Pour conclure, l'impact médiatique du Capital au XXIème n'est pas égal à l'immuabilité des théories défendues dans l'ouvrage… et Piketty est le premier à le reconnaître : « les sources rassemblées dans le cadre de ce livre sont plus étendues que celles des auteurs précédents, mais elles sont imparfaites et incomplètes. Toutes les conclusions auxquelles je suis parvenu sont par nature fragiles et méritent d'être remises en question et en débat ». Sa solution qui consisterait à mettre en place un impôt mondial sur la fortune est, il le concède lui-même, "utopique" et semble plus dériver de ses propres convictions idéologiques que basée sur son étude, et surtout, ne traite pas le problème qu'il dénonce à la base.

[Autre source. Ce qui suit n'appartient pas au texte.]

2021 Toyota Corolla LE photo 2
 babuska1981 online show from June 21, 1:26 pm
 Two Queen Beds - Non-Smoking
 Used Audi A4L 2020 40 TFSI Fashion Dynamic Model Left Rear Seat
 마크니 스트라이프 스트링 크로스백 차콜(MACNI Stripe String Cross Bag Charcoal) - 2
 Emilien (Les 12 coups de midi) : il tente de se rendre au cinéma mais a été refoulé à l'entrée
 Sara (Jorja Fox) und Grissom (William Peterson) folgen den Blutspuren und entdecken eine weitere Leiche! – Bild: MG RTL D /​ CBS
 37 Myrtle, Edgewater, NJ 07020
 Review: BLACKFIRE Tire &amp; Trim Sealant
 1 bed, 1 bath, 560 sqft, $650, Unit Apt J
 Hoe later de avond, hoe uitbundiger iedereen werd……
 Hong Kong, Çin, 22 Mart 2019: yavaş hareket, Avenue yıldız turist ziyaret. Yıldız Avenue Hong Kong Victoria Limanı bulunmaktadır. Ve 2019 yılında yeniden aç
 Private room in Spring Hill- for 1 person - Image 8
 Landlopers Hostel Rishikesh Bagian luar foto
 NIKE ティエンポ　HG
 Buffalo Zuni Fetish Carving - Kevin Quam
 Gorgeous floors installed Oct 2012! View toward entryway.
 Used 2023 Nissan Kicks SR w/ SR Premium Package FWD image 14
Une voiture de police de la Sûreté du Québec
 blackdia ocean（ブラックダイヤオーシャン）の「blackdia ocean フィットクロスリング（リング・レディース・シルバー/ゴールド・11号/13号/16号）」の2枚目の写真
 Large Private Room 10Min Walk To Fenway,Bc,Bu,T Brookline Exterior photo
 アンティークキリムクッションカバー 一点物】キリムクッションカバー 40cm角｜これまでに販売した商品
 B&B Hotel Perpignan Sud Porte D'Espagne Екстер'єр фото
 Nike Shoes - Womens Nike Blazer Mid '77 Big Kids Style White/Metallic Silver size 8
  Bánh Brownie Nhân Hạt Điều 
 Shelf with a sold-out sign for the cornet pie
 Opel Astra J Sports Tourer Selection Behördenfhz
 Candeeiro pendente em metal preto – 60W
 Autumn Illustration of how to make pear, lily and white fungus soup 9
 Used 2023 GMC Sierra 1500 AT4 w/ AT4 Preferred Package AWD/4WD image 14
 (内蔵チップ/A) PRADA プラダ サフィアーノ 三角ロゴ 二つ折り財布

La mise en place d'une taxation intervenant après la répartition des revenus et du capital, Piketty ne propose donc pas de traiter les conséquences de r>g, c'est-à-dire l'accumulation infinie des richesses par les plus riches.

[1] Stephan Homburg donne cet exemple numérique : Pour un contribuable d'une fortune égale à 100.

  • Le taux de rendement du revenu du capital avant impôt sera de 4.
  • L'impôt sur le fortune de 10 (soit 250% du revenu du capital).
  • L'impôt sur le revenu de 3,2 (soit 80% du revenu du capital)
  • L'impôt total de 13,2 (soit 330% du revenu du capital).